One difference between our life here in Norway as opposed to the other places we’ve lived abroad is the abudance of expats who live around us. In Crimmitschau, if I heard someone speaking English in the grocery store, I would turn around and see someone from the team. In Tilburg, just an hour from the bustling international city of Amsterdam, there was nary a North American to be found on your average day. But Oslo, being the capital city of the country and the center of their oil and IT business sectors, has a strong international presense in addition to the standard tourism.
Lucky for me, I’ve found a small group of literary minded Anglophiles with whom I can meet once a month to discuss one of my favorite topics…books! Apparently, within the expat community in Oslo, there are other book groups. Ours consists of only women and is, allegedly. the high brow book club. Which, I guess, means we talk excessively about the ‘Twilight’ series, but don’t officially name it the book of the month.
On Monday we met at lovely Cassandra’s apartment, an American girl who loves and married a Norwegian boy, where she served us pizza and wine and cookies and veggies with dip. We discussed colonialism, moral relativism, the state of present day Nigeria, the way Africa is viewed in the wider world, and our overall feelings and opinions on the distinct style of prose in Chinua Achebe’s ‘Things Fall Apart.’
Before, during, and after our discussion of the book, we discussed many other things. And there, my readers, you have the beauty of what can happen when you put a group of intelligent women, from different backgrounds, in the midst of a common experience. Engaging, interesting, hilarious conversation, and some literature for good measure. We talked about online dating, engagement rings, H1N1, favorite Christmas foods, Norwegian cultural anomolies, the worst ways to be dumped, our awkward teenage years and how to smuggle a bridal bouquet through customs. I literally laughed until I cried. Twice. Talking about how lonely it can feel to be the foreigner in a foreign country is best done when you don’t feel lonely or foreign at all.

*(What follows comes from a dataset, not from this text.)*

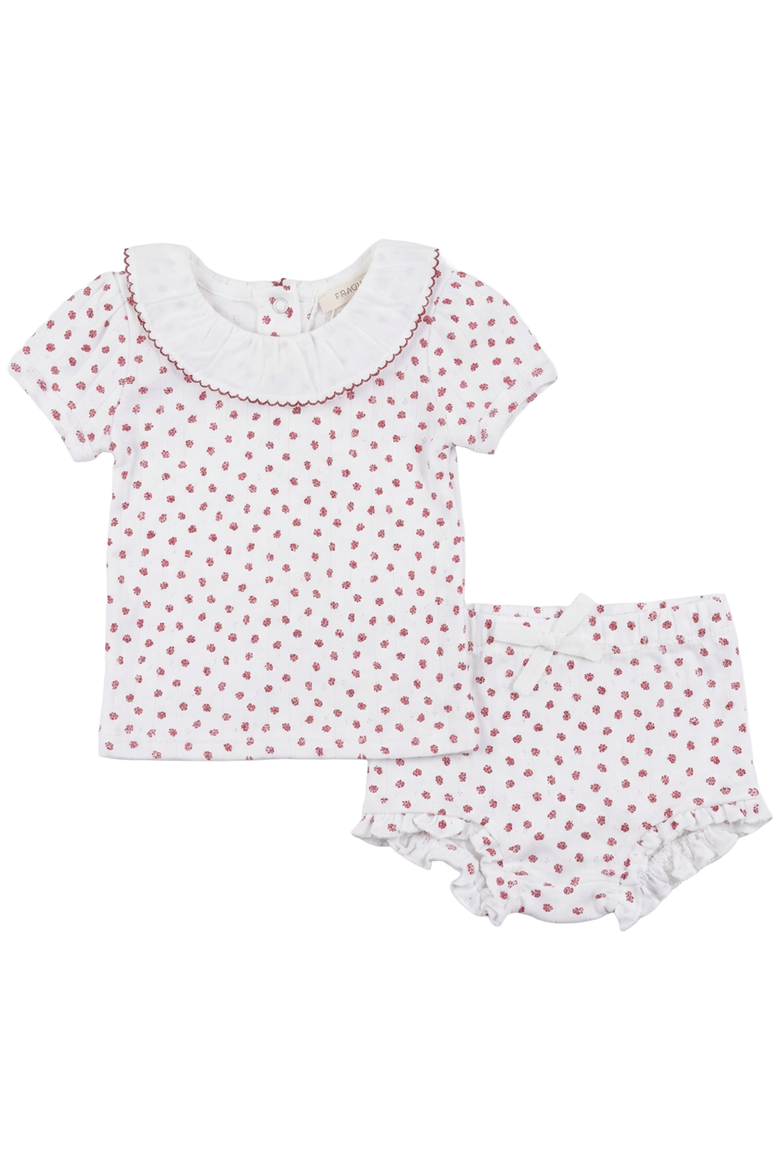 Pointelle with Flower Print Short Set with Ruffle Collar Top, Main, color, White/Red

Next month we’ll be reading ‘The Geography of Bliss’ by Eric Weiner, which I’ve already heard great reviews of, and I’m looking forward to both the great read and the next meeting. I hope to continue conversations, find new topics, and further strengthen my relationships with people who don’t know about and, frankly, don’t need to care about ice hockey.

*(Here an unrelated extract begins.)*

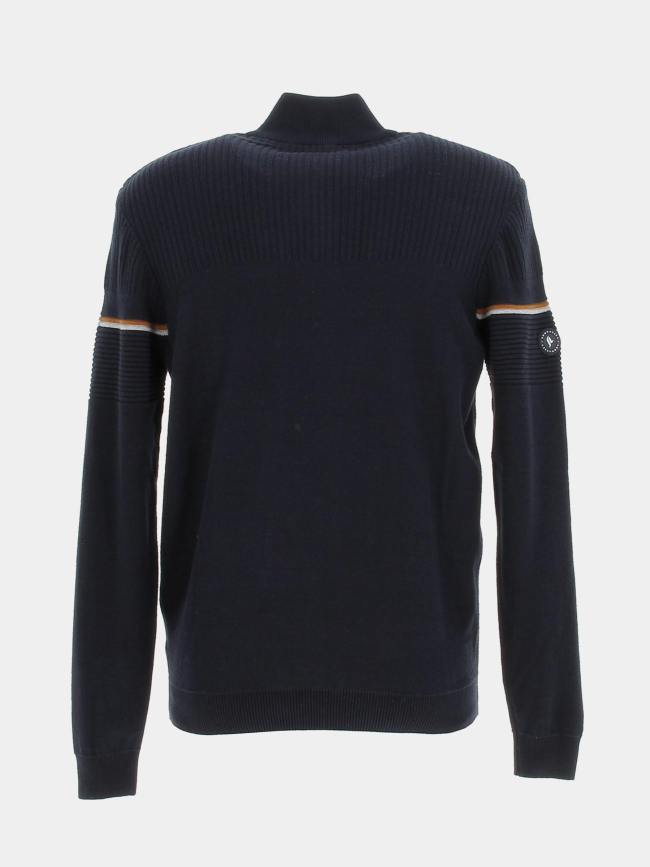 Pull col zippé bleu marine homme - Sun Valley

I don’t want to diminish the importance of the friends I am making (and have made) through the team directly. Without them I would have been lost and lonely, explaining this lifestyle to anyone who doesn’t live it is nearly impossible and hockey friends are invaluable because they understand without any need for explanation. But sometimes having not only the geography our life but also our entire social network revolving around Dave’s job can be a bit depressing. Sure, the true and lasting friendships that I have developed and carried on beyond the length of the season are only a credit to the work and love put in by my friends and I. But the truth is that, for the most part, my only connection to the world we create annually is Dave and hockey.
The book club is something that’s mine. My own. I leave the house, get on the train, then the tram and sometimes the bus on my own (and at night!) to meet people Dave doesn’t know, to talk about things he may not be interested in, with people who don’t know me as his wife. To them I’m an American, a social worker, a dog lover, a runner, a vegetarian, who has a husband somewhere out there. I couldn’t be prouder to have Dave as my husband, but I’m so glad that they don’t really need to know anything about him in order to want to get to know me.

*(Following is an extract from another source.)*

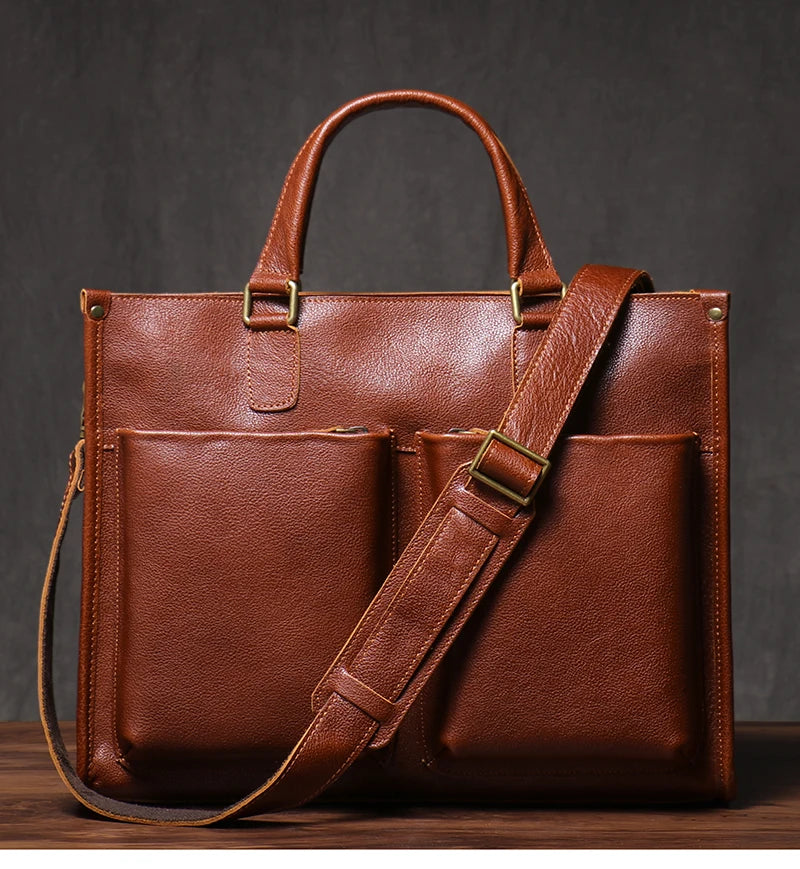 Genuine Leather Executive Laptop Briefcase with Shoulder Strap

For this to seem like such a feat coming from a feminist who planned (plans?) on conquering the world with her own might could be considered a bit sad. But I prefer to see it as me having the fortune to be able to make my own way in the world while simultaneously supporting the dream of someone I love infinitely. I see it as a luxury that, as it stands now, my job is a side dish and exploring the world is the main course. I read books, regardless of the club, and now I have an outlet for my thoughts and feelings, on books and life. It can’t get much better than that.